И, сердито моргая под очками, полный серьезной решимости дружески и сердечно, но сурово побеседовать с Верой Николаевной, он вернулся к сладкому пирогу, к ликеру, к винам и красавице Вересовой.
ЛЮБА ГАБАЙ
В эту же пору вечером, но не осенним, а, как тут говорилось — «бархатного сезона», Люба Габай, сводная сестра Веры Николаевны Вересовой, шла по белому курортному городку, под тихо шелестящими пальмами, к товарищу Романюку, к которому она дважды писала и который наконец вызвал ее сегодня из больницы на двадцать один час телефонограммой.
Вечер был душно-влажный, от длинной поездки в кузове тряского, отработавшего свое за войну грузовика, Люба устала, ей хотелось вымыться и полежать, но она ничего этого себе не могла позволить, так как уже опаздывала, а беседа предстояла решающая, жизненно важная, окончательная.
«Я тебе покажу — по бытовой линии, — передразнивая в уме товарища Романюка и накаляя себя для предстоящего разговора, думала Люба. — Я тебе все нынче объясню, ты у меня пошутишь над моими бедами!»
Ей вдруг вспомнилось, как в последнюю встречу товарищ Романюк, умевший удивить собеседника неожиданной цитатой, сказал ей на ее сетования: «Что за глазищи — мрак и пламень, а сердце мое не камень!» И вспомнилось, как она не нашлась, что ответить. Ничего, сегодня на все ответит!
Несмотря на то что война кончилась так недавно, по выщербленным бомбами и снарядными осколками тротуарам толкалось уже много курортников в светлых брюках и курортниц в ярких платьях, духовой оркестр играл в курзале над морем медленный и значительный вальс, и было странно думать, что здесь лечились фашистские офицеры и чиновники, а на пляжах загорали немецкие девки — «шоколадницы», со скал же, нависших над городом, посвистывали пули партизанских автоматов.

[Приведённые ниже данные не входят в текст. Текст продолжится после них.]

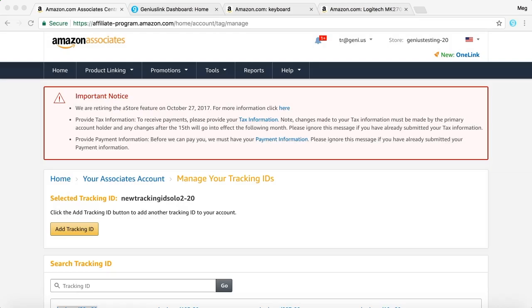Hey everyone, Meg here from the Geniuslink team. Today I'm going to walk you through how to set up A-B testing with Amazon Links in just three easy steps. The first step is to set up a test, the second is to direct traffic to your site, and the third is to measure. So let's get started.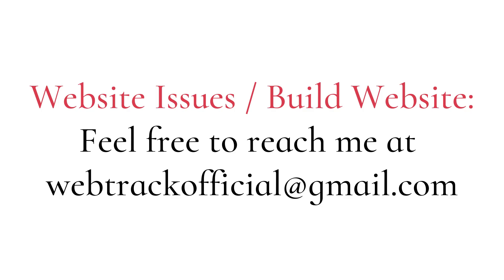If you're having issues with your website, feel free to reach out to me at webtrackofficial at gmail.com.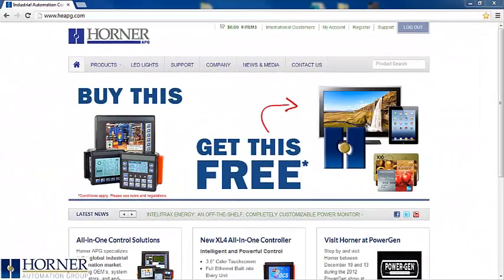We are going to start off at the Horner APG website where we can find the latest and past versions of our firmware for all of our PLCs. If you do not already have an account with us, it is free and just takes a minute.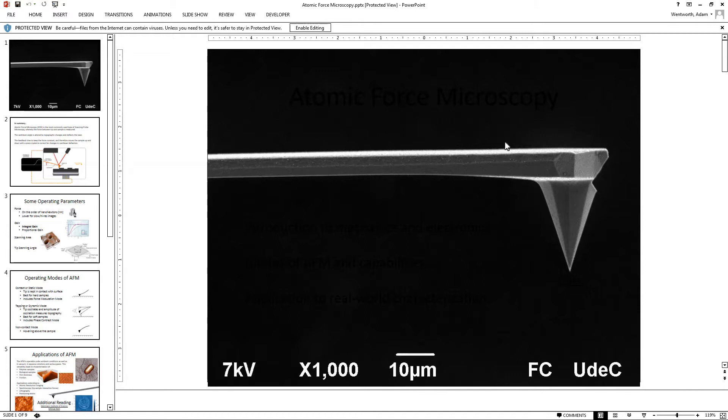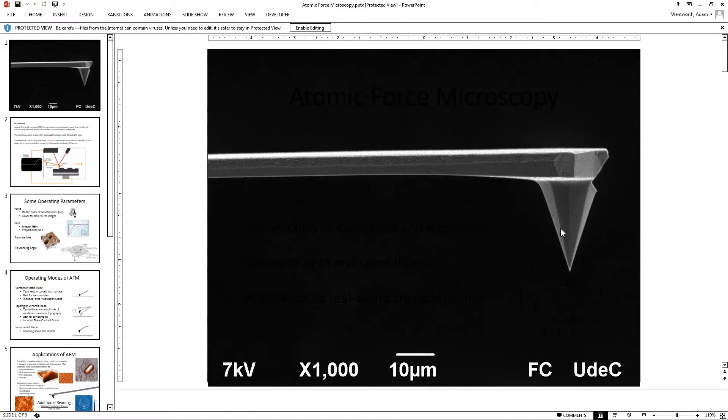infrared laser. And then we have a silicon nitride tip on the end of this cantilever, and that's what we use to do our scanning probe technique. This could also be diamond, and they have various shapes and radius of curvature at the end of these cantilevers, at the end of the tips.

«Ах, да о чем это я?» — рассердилась на свои мысли Люба Габай и показала паспорт заспанному вахтеру в вестибюле того особняка, в котором теперь размещались все руководящие учреждения районного центра. Пахнущий селедкой вахтер бдительно рассмотрел Любину фотографию, потом ее самое, потом еще раз фотографию.
— А обыскивать не будете? — зло осведомилась Люба.
— Поговори побольше! — пригрозил вахтер.
В лопнувшем зеркале на лестничной площадке Люба увидела себя и подивилась, как хороша, несмотря на все мытарства сегодняшнего дня: и глаза блестят, и ровным розовым загаром залиты щеки, и выгоревшие на солнце волосы отливают медью. «Не видел Саинян меня никогда такой, — вдруг печально подумала она. — Все те годы была замухрышкой. Или это мне злоба к лицу?»